By: Justine Brooks
29 Nov, 2024
The climate crisis poses a severe threat to global insect populations, with a recent NASA study predicting that 65% of the world’s insect species could face extinction over the next century. Such a decline would ripple across ecosystems, affecting plants and animals and threatening human populations through impacts like increased disease spread and loss of crop pollinators.
To counteract these risks, researchers worldwide are collecting extensive data on the range and density of insect species. Ecologists now use tools like “Malaise traps,” or bug tents, that capture and count insect populations, camera systems for visual identification, and audio devices that analyze sound production. This complex, multi-modal data includes images, text, audio and DNA snippets translated into “barcodes” stored in a vast global repository. Each data type requires integration and analysis to provide actionable insights &— a monumental task for human scientists facing the pace of global insect decline.
“…my students are collaborating across teams and messaging through Slack, mentoring and learning from each other. This community of Canada CIFAR AI Chairs has been very valuable for them, too.”
Graham Taylor, Canada CIFAR AI Chair, Vector Institute
Graham Taylor, a Canada CIFAR AI Chair at the Vector Institute and professor at the University of Guelph, is tackling this need through AI. Taylor is Chief Data Officer at the Centre for Biodiversity Genomics, working with the global BIOSCAN initiative to build a comprehensive genetic catalog of planetary biodiversity. This initiative spans multiple disciplines and involves collaborations with policymakers worldwide to address species loss. Taylor is also a primary investigator at the AI and Climate Change Global Biodiversity Center, an international consortium recently funded by the US National Science Foundation and Canada’s NSERC. This project is advancing AI-based methods for integrating and analyzing biodiversity data from diverse sources, including remote sensing from satellites and low-flying aircrafts, ground-based sensors, DNA sequences and citizen science.

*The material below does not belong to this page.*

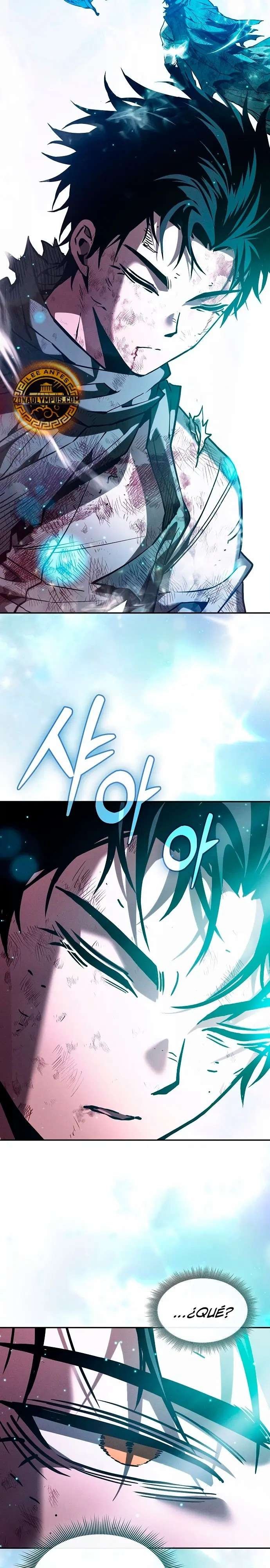 Read El Maestro de la Espada Genio de la Academia ES Manga Online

The abundance of all these different types of data is both a blessing and a challenge. “Raw, unstructured data from these many sources is essential but it can’t be used by AI without processing,” explains Taylor. “The challenge is to format it all in a way that machine learning can use it to identify specific species, their locations and population abundances. Luckily, this is what deep learning is really good at. We take the images, audio, text, DNA barcodes, and turn it all into more structured and usable information for data analysis.”
Taylor notes that Nanopore sequencing, a technique adapted from healthcare, will be crucial in scaling up DNA barcoding to a global scale. “Previously, to get genetics data for biodiversity you needed very expensive equipment. Someone would need to send a whole dead bug specimen to a central lab for sequencing. But during COVID, new technology was developed that can create the barcoding out in the field, with just a laptop and small DNA sequencer. We can now barcode hundreds of thousands of specimens for less than a cent each.” Collaborators like Canada CIFAR AI Chair Angel Chang at Amii are developing methods to use these DNA barcodes as “weak supervision,” helping machine learning models identify insect photos more accurately and reducing human hours for data labeling.
This work is already making an impact in Canada. In Ontario, Taylor’s team is partnering with the Canadian not-for-profit Alternative Land Use Services to provide farmers and landowners with low-cost methods for assessing the biodiversity potential of fallow or unproductive land. This analysis, called BugShot, supports funding proposals to convert these areas into conservation habitats for threatened species.
Taylor credits his Canada CIFAR AI Chair appointment for connecting him and his students to Canada’s scientific research community. His involvement with the AI and Climate Change Global Biodiversity Center resulted from a connection with Canada CIFAR AI Chair David Rolnick at Mila, who leads the Canadian arm of the project. And Taylor’s DNA barcoding collaboration with Angel Chang at Amii was sparked by a discussion at a CIFAR meeting.
Additionally, Taylor emphasizes the benefits of the Canada CIFAR AI Chair program for his students. “Many of my students have attended the CIFAR Deep Learning + Reinforcement Learning Summer School, which has been really beneficial. Beyond that, my students are collaborating across teams and messaging through Slack, mentoring and learning from each other. This community of Canada CIFAR AI Chairs has been very valuable for them, too.”